EU: Prime Minister’s Speech

My Lords, as a man who conducts business and addresses conferences overseas, many of the arguments on European integration resonate very strongly with me. The European Union was established as a way of preserving peace and stability between its member states. It was what was needed then, and in the same way we must now react to internal and external changes that are happening in Europe and the world.

This is not about the interests of the United Kingdom versus the interests of other member states; it is about achieving large-scale reform to change the relationship between member states and the rest of the world in everyone’s interests. Europe needs to serve its member states better and help them to get the most out of the benefits that such a union provides.

The Prime Minister was very clear that he wants Europe to be a success and as such wants us to be a part of that success, and I share that sentiment. Europe itself is changing and we must push to make sure that it properly adapts. The completion of the single market was one of the key aims to which the Prime Minister referred, and rightfully so. This provides a strong foundational framework on which member states can build their economies.

We must allow the diversity of the different EU economies to flourish to increase competitiveness and achieve growth. Bureaucratic red-tape policies must be returned to the UK so that we can make our own judgments based on what works best for business here at home. I also agree with strengthening the role of national parliaments within the EU, as they are without a doubt the most democratically accountable and legitimate form of governance to their people.

Laws and regulations have been heaped on to British families and businesses from a foreign land, in a Parliament that they did not elect, and with a one-size-fits-all mentality. That is why I support the decision to hold a referendum in the next Parliament. People can then decide for themselves what will be in the best interests of their own country, and the integrity of the resulting decision cannot be questioned.

I also believe that the vast majority of people in this country would like us to remain in a union that helps us when we need it, allowing us to take good things from it but without inflicting unwanted repressive policies on its member states.

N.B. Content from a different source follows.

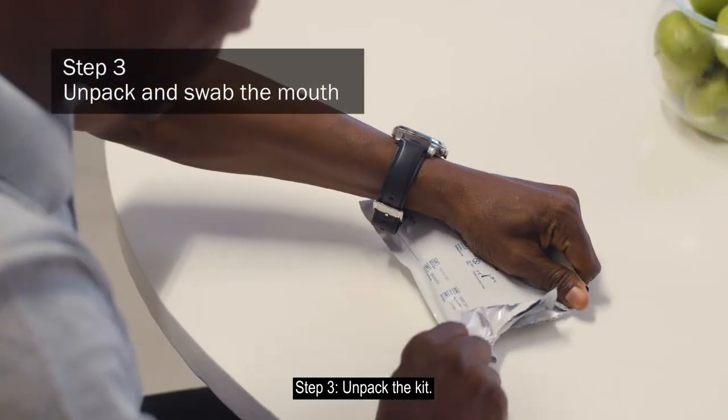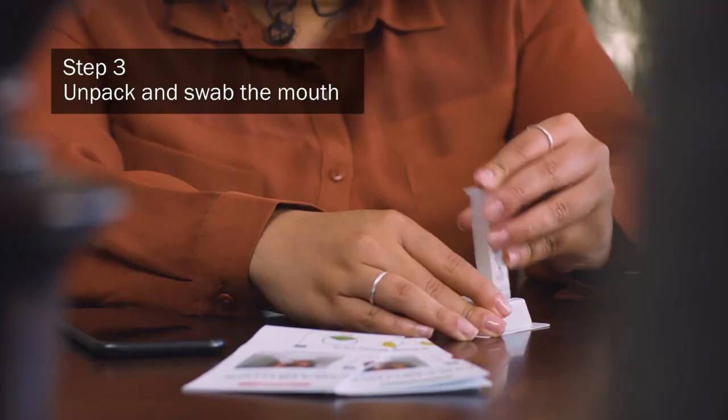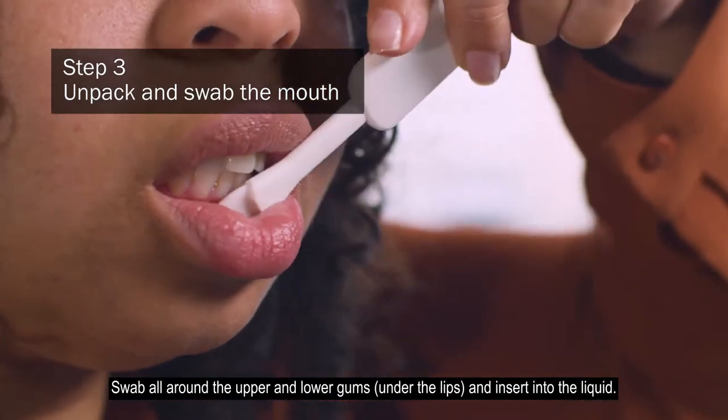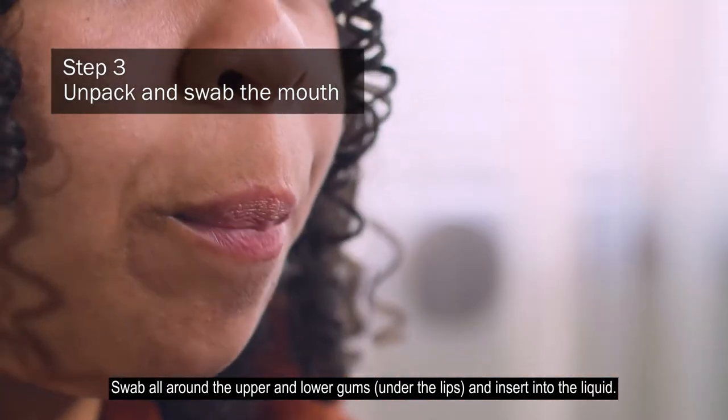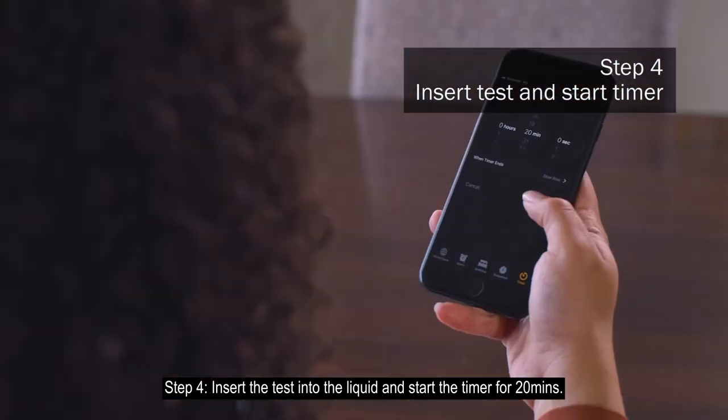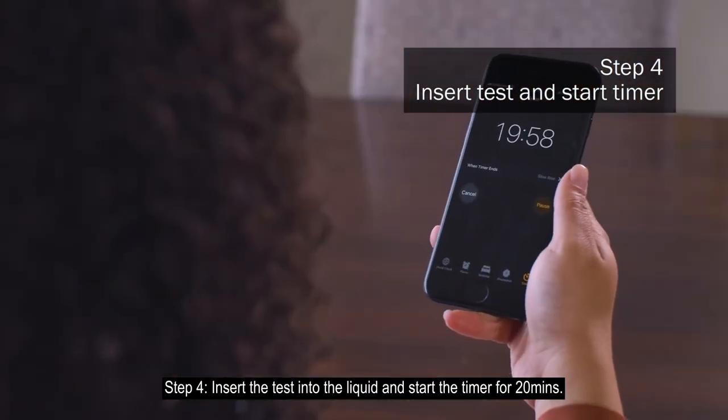Step 3: Unpack the kit. Swab all around the upper and lower gums under the lips, and insert into the liquid. Step 4: Insert the test into the liquid and start the timer for 20 minutes.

It is the job of the Government to get the best deal for their people, and this is exactly what the Prime Minister wants to do in negotiating a new settlement. It also makes sense to wait until the current turbulent waters have calmed before deciding what the future would hold for us in the union. Allowing member states the autonomy and liberty to do what is best for their people and their economies will enable us to contribute that much more and, I believe, form an even stronger bond of shared values and co-operation. I say this as a Conservative and ultimately as a supporter of the future of the European Union.